Before calculating the tf-idf score of the keywords, I clean the documents (e.g. removed stop words and punctuations) and then I create 1,2,3and 4-grams out of the documents and then do stemming inside the n-grams.

To perform this cleaning, n-gram creation and stemming I am using javascript libraries and js udf. Here is the example query:

CREATE TEMP FUNCTION nlp_compromise_tokens(str STRING)
RETURNS ARRAY<STRUCT<ngram STRING, count INT64>> LANGUAGE js AS '''
  // creating 1,2,3 and 4 grams using compormise js
  // before that I remove stopwords using .removeStopWords
  // function lent from remove_stop_words.js
  tokens_from_compromise = nlp(str.removeStopWords()).normalize().ngrams({max:4}).data()

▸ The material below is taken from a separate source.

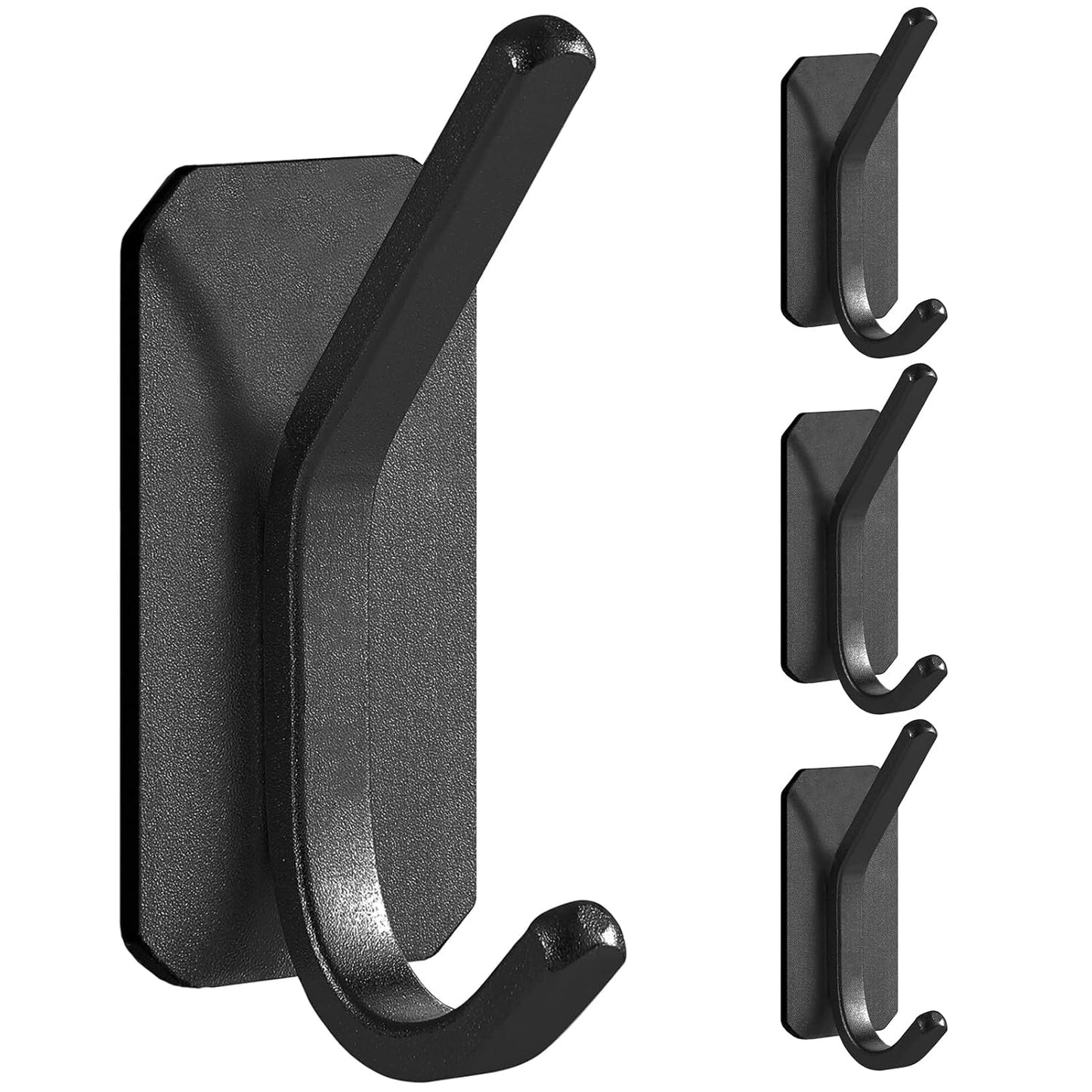 Paoli Heavy Duty Adhesive Wall Hooks, 30 lb Max Load Waterproof Hooks for Bathroom Towels Coats Bags, No Drill Damage-Free for Renters Apartment Dorm, Matte Black, 4 Pack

  // The stemming function that stems
  // each space separated tokens inside the n-grams
  // I use snowball.babel.js here
  function stems_from_space_separated_string(tokens_string) {
    var stem = snowballFactory.newStemmer('english').stem;
    splitted_tokens = tokens_string.split(" ");
    splitted_stems = splitted_tokens.map(x => stem(x));
    return splitted_stems.join(" ")
  }

  // Returning the n-grams from compromise which are 
  // stemmed internally and at least length of 2
  // alongside the count of the token inside the document
  var ngram_count = tokens_from_compromise.map(function(item) {
    return {
      ngram: stems_from_space_separated_string(item.normal),
      count: item.count
    };
  });
  return ngram_count
'''
OPTIONS (
  library=["gs://fh-bigquery/js/compromise.min.11.14.0.js","gs://syed_mag/js/snowball.babel.js","gs://syed_mag/js/remove_stop_words.js"]);

with doc_table as (
  SELECT 1 id, "A quick brown 20 fox fox fox jumped over the lazy-dog" doc UNION ALL
  SELECT 2, "another 23rd quicker browner fox jumping over Lazier broken! dogs." UNION ALL
  SELECT 3, "This dog is more than two-feet away." #UNION ALL
),
  ngram_table as(
  select
    id,
    doc,
    nlp_compromise_tokens(doc) as compromise_tokens
  from
    doc_table),
n_docs_table as (
  select count(*) as n_docs from ngram_table
),
df_table as (
SELECT
  compromise_token.ngram,
  count(*) as df
FROM
  ngram_table, UNNEST(compromise_tokens) as compromise_token
GROUP BY
  ngram
),

idf_table as(
SELECT
  ngram,
  df,
  n_docs,
  LN((1+n_docs)/(1+df)) + 1 as idf_smooth
FROM
  df_table
CROSS JOIN
  n_docs_table),

tf_idf_table as (  
SELECT
  id,
  doc,
  compromise_token.ngram,
  compromise_token.count as tf,
  idf_table.ngram as idf_ngram,
  idf_table.idf_smooth,
  compromise_token.count * idf_table.idf_smooth as tf_idf
FROM
  ngram_table, UNNEST(compromise_tokens) as compromise_token
JOIN
  idf_table
ON
  compromise_token.ngram = idf_table.ngram)

SELECT
  id,
  ARRAY_AGG(STRUCT(ngram,tf_idf)) as top_keyword,
  doc
FROM(
  SELECT
    id,
    doc,
    ngram,
    tf_idf,
    ROW_NUMBER() OVER (PARTITION BY id ORDER BY tf_idf DESC) AS rn
  FROM
    tf_idf_table)
WHERE
  rn < 5
group by
  id,
  doc

Here is how the example output looks like: enter image description here

There were only three sample handmade rows in this example.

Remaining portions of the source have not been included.